Beta-adrenergic blockers produce anxiolytic effects by blocking autonomic hyperarousal (elevated pulse, elevated blood pressure, sweating, tremors) associated with anxiety responses. They work best for specific anxiety-producing situations, such as performance anxiety and public speaking, and are less efficacious for panic disorder and social phobias. All beta-blockers are contraindicated in persons with asthma or chronic obstructive lung disease, and they can worsen peripheral vascular disease. Patients with insulin-dependent diabetes should not be prescribed nonselective beta-blockers; because those medications block the sympathetic nervous system response to hypoglycemia, the patient may be unaware of symptoms and may be less likely to respond appropriately.

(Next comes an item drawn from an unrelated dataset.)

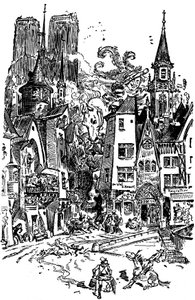 Le géant Gargantua traverse Paris, semant la panique et la destruction sur son passage. Il apprend à cracher sur la Cathédrale Notre-Dame de Paris, dont les tours en arrière-plan se distinguent. Avec ce crachat, plus de 3000 Parisiens seront noyés ! - Albert Robida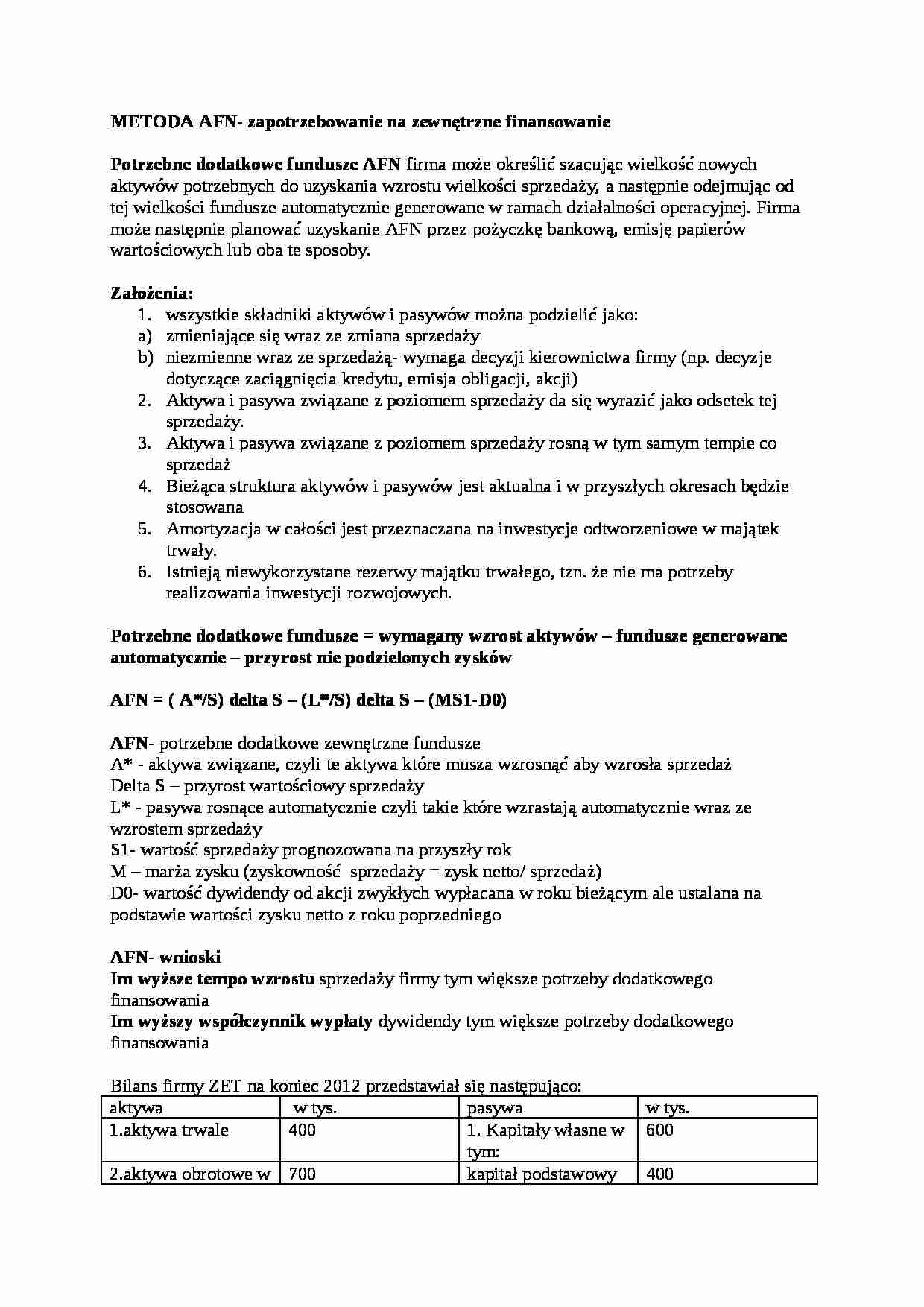 Wykład - metoda AFN, sem IV - strona 1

Central nervous system side effects such as nightmares, hallucinations, and sleep disturbance are infrequent. They may be more likely to occur with lipophilic drugs such as propranolol and pindolol, which cross the blood-brain barrier, and less likely to occur with atenolol, nadolol, and timolol. The reported association between beta-blockers and depression has not been supported by data from clinical trials.

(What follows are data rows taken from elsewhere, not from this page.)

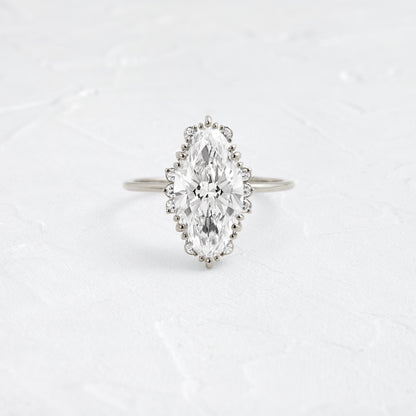 Halo & Triple Prong Style-Marquise Lab Grown Diamond Engagement Ring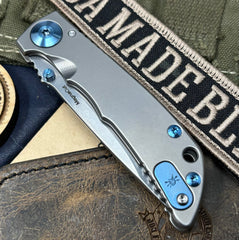 Spartan Harsey Folder 3.25 Stonewashed Magnacut Blade with Blue Anodized Hardware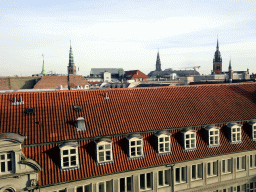 The towers of the St. Nicholas Church, the Christiansborg Palace and the Church of the Holy Ghost, viewed from the Library Hall of the Rundetaarn tower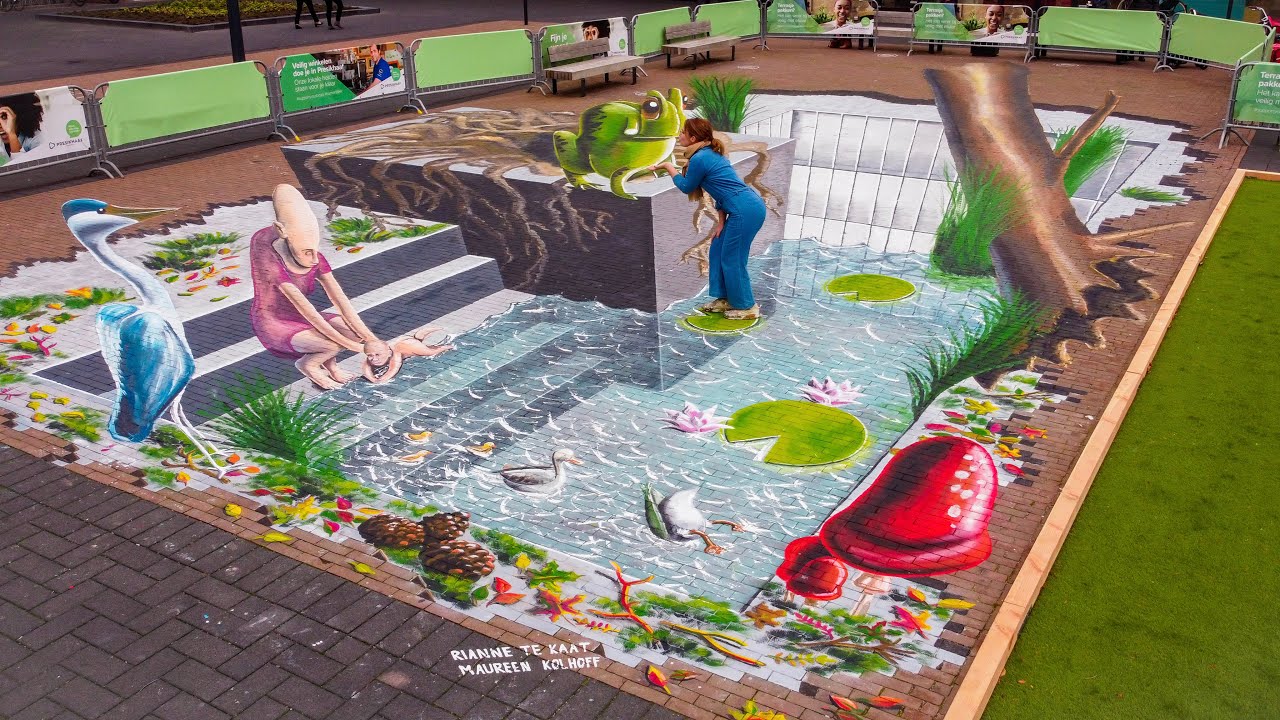 3D Street art - Pond by Rianne te Kaat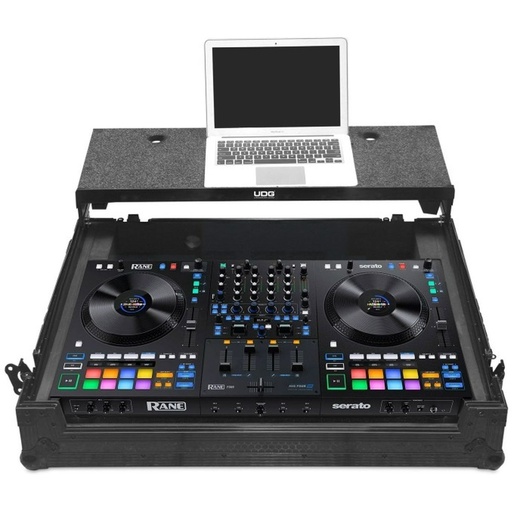 [U91083BL] UDG Ultimate Flight Case Rane Four Black Plus (Laptop Shelf + Wheels)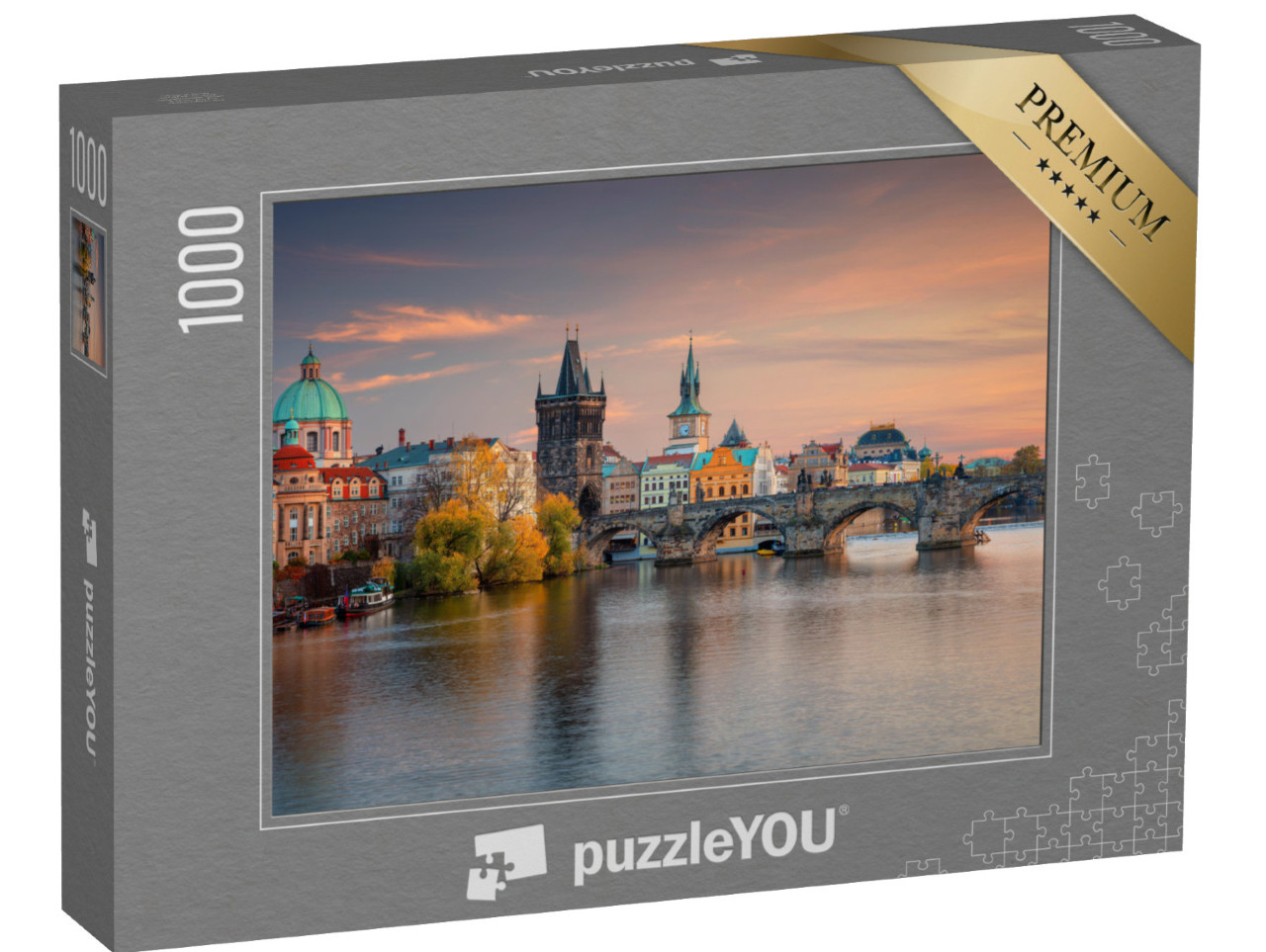 puzzle 1000 dílků „Praha, Česká republika: Slavný Karlův most při západu slunce“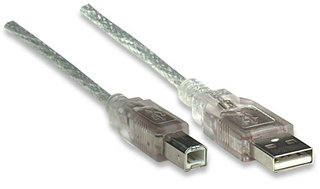 333405 Cable para Dispositivos USB B de Alta Velocidad, USB tipo A macho a USB tipo B macho Color Plata.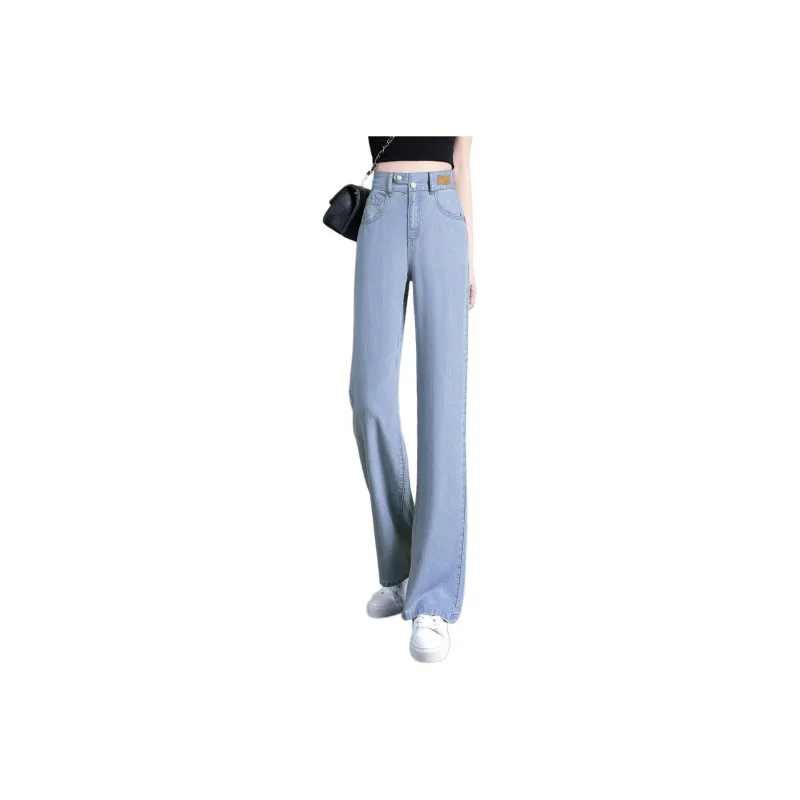 Mo Han Yi Mei Jeans Women's Light Blue-0
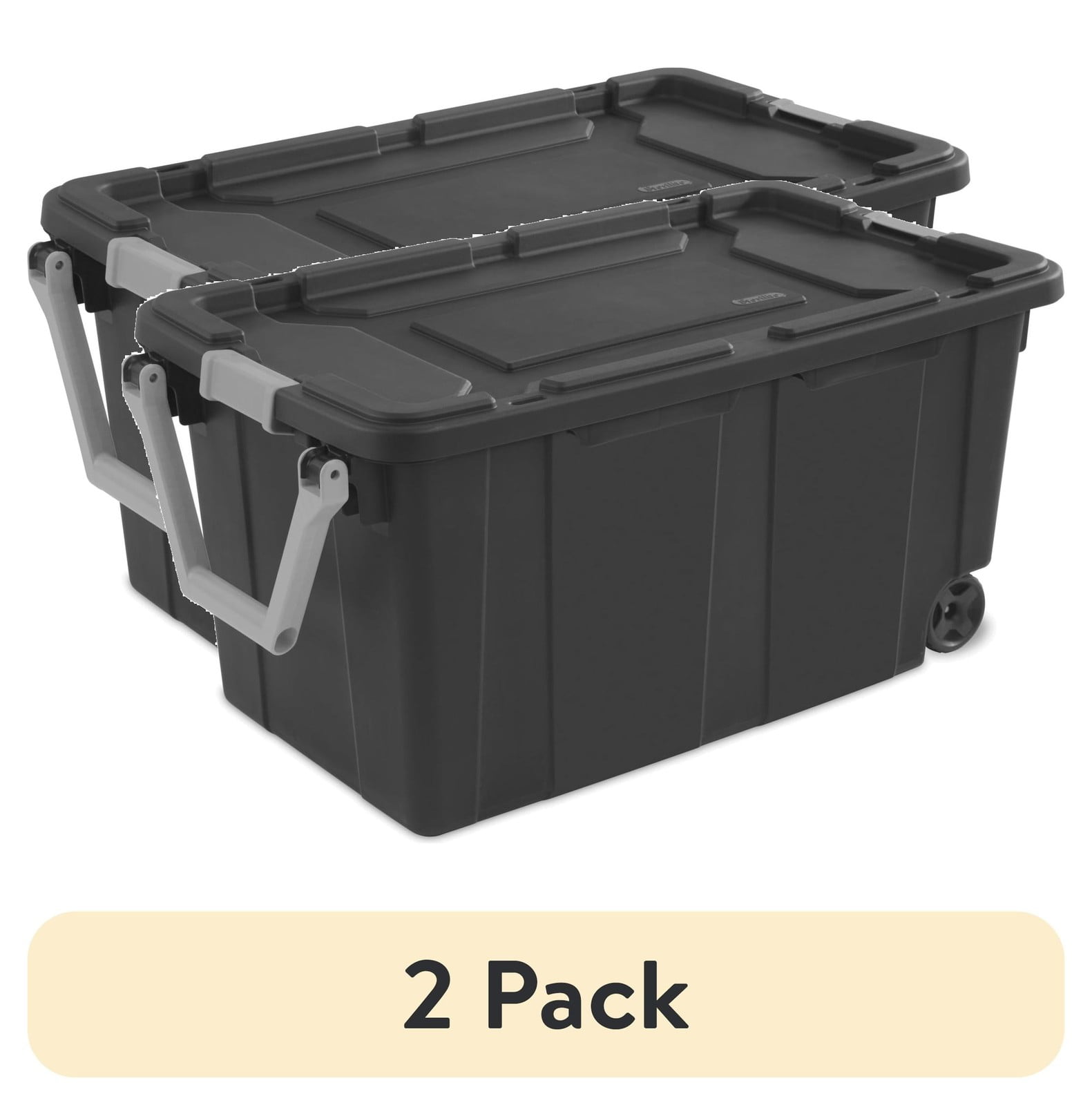 2 pack) Sterilite 40 Gallon Wheeled Industrial Tote, Rugged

Sedating histamine H1 receptor blockers are sometimes used to treat anxiety and insomnia. Hydroxyzine has been shown to be as effective and safe as benzodiazepines in treating anxiety in a general study population. Diphenhydramine, which is often used to treat insomnia, is available in over-the-counter preparations. Because these medications are not addicting, many physicians consider them to be benign. However, they can cause dizziness, excessive sedation, incoordination, and confusion, especially when used with alcohol or other central nervous system depressants. Elderly patients and those with brain disease or injury are more sensitive to these medications and may become delirious even with low doses. Despite these risks, these medications are still an option when benzodiazepines must be avoided due to concerns about dependence or respiratory depression.

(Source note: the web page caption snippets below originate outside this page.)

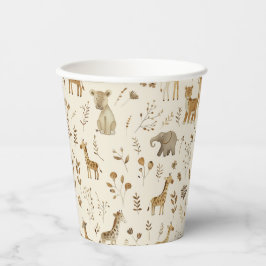 Vasos De Papel Boho Animales de la jungla beige blanca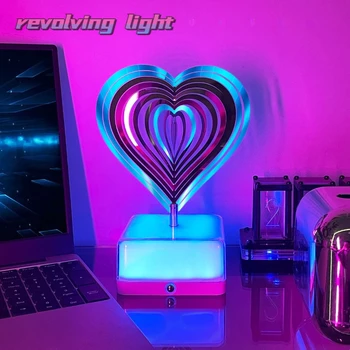 3D Въртящи Фантазийный лека нощ Настолна Лампа Декоративна Украса LED Акумулаторна Нощни Неоновите Разсеяна Светлина Празничен Подарък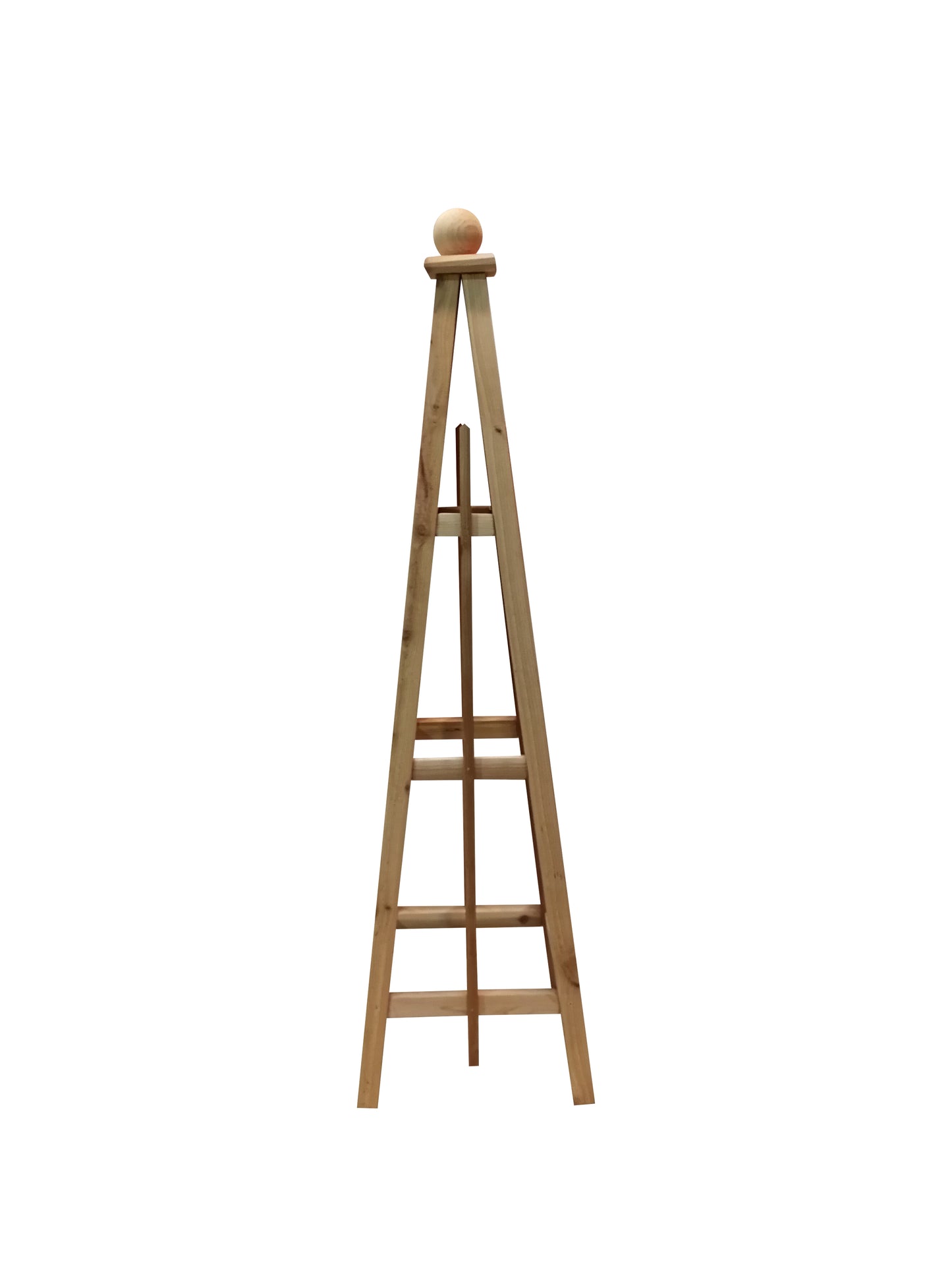 5' Select Cedar Garden Obelisk, 3 Rail Sphere Finial 16" Base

Anticonvulsants are primarily prescribed by psychiatrists for patients with bipolar disorder who cannot tolerate or do not respond to lithium, but they can also be helpful for some individuals with anxiety. Patients with recurrent panic attacks and temporal lobe electroencephalographic abnormalities may respond to anticonvulsants. Gabapentin works on the gamma-aminobutyric acid system and can be effective for relief of neuropathic pain. It has also been shown to have efficacy for panic disorder and social anxiety disorder. Because gabapentin is not metabolized through the liver, it has few drug interactions and can be used safely in persons with liver disease. Side effects include sedation, headache, and dizziness. Divalproex sodium and carbamazepine have been found to be helpful in calming agitated, anxious patients, especially those with brain injury, mental retardation, or dementia. The newer anticonvulsants lamotrigine, topiramate, and tiagabine show some promise in treatment of mood disorders and may also prove to be beneficial for the treatment of anxiety.
Selections from the book: “Textbook of Psychosomatic Medicine”, 2005.